09-10-2014 03:17 AM
Dear all experts,
Hi I am a rookie of data mining filed. I was assigned in a project. The objectives of my project is to find out the characteristics of good customer and the bad one.
Therefore I designed my experiment by following these steps:
1) Manage missing value by using replacement node (Some factors are shown as missing value because they are not found in database such as bankrupted customer, if one used to be in bankrupted record before, this field will be shown as "Yes", if not, it will be shown as "." therefore, this kind of missing value should be replaced with "No")
2) Drop missing value by using "Impute" Node
3) Over sampling the data (Good and bad should have the same proportion 50:50)
4) I reduce multicolinearity and find out the potential factors which will be used in clustering later by using "Regression" Node
5) Clustering the data
Do you think is there any problems about my experimental design? Please suggest me if there are any steps i should change. Besides, I still have the problem with step 5: clustering data, I know that target variable is unable to use in clustering technique. Therefore, After step 4, should i separate the data into 2 groups: Good and Bad , and apply cluster technique in each group? I am not sure about what i design is correct or not. Is there any examples or any literature reviews?

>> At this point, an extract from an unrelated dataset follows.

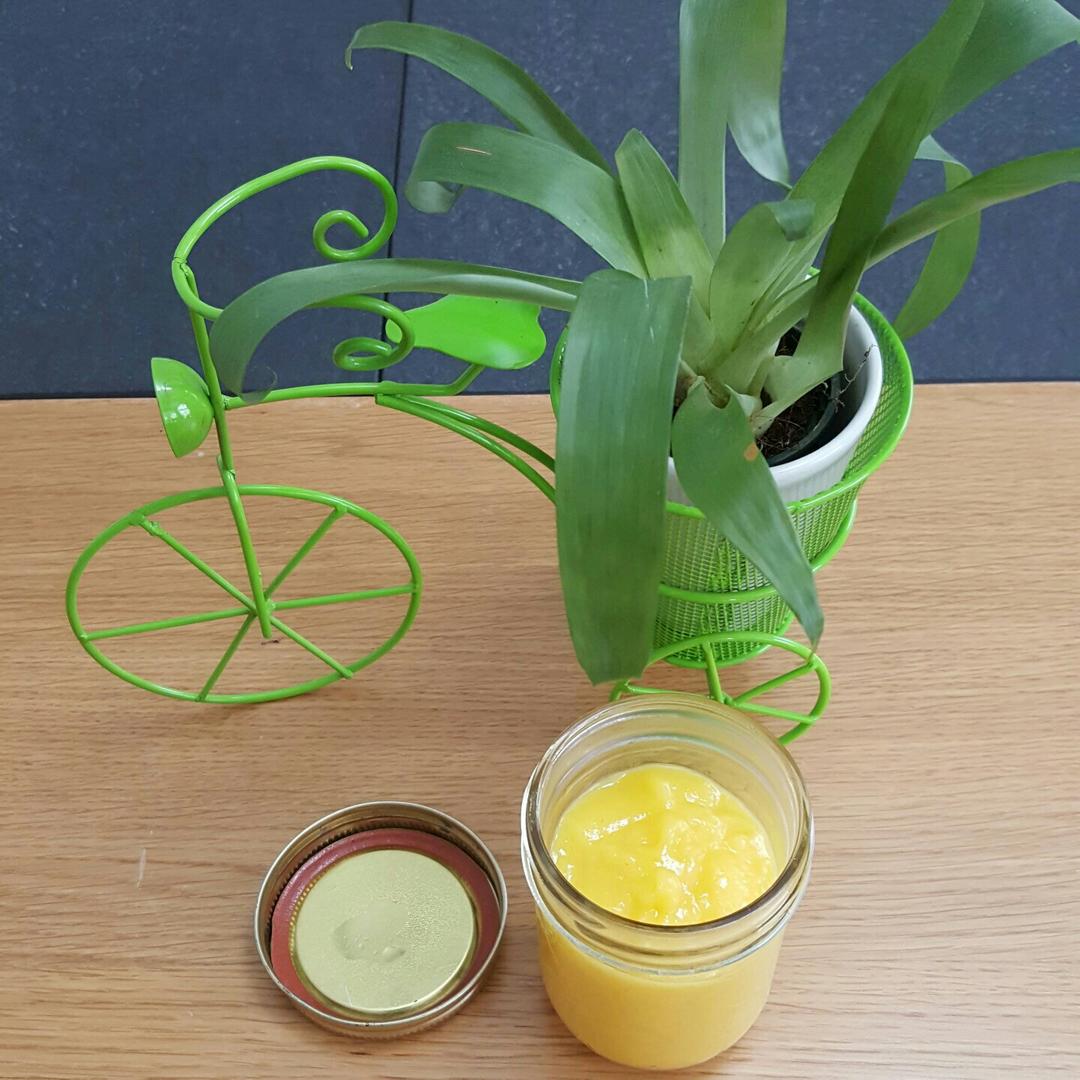 清新口味的百搭柠檬酱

Thanks for you all help in advance and look forward hearing from you all soon
09-10-2014 01:34 PM
There are few things that might be helpful in your design.
1. If your variables have lot of missing values let us 50% or more then it's better to drop those variable for further analysis. We can't generalize all the time that missing will
always be 'No'.
2. Not sure what do you mean by drop missing values using impute node.?
3. After oversampling you will have a clustered data based on your target variable. You can perform cluster analysis for two clusters solution based on independent variables
and correlate target and non-target customers within each cluster. This will give you an idea how significant are the independent variables in clustering target and non-
09-10-2014 11:43 PM
Thanks for your reply. I first used replacement for manage with missing value for some factors which the value should be 0 not missing this causes of when i map the data and they were not found the record. For other kinds of factors , if the missing value exceed 50 percent it will be elimimated by Impute node
I have one more question. I have more than 100 factors in my experiment. I think I need to eliminate factors which are not related to being good/ bad customer by using regression node . Is that ok, If i do regression before separating the data into to 2 groups (Good and Bad) ? .
09-11-2014 01:27 PM
use the variable selection node to eliminate variables that have missing values and low correlation to the target.
you can also enable to AOV16 to transform interval variables in categoric ones.
09-12-2014 09:20 PM
Thanks, but what the different between
Variable Selection and Regression? I think both method are able to eliminate correlation. I have never used Variable Selection before. How does it work?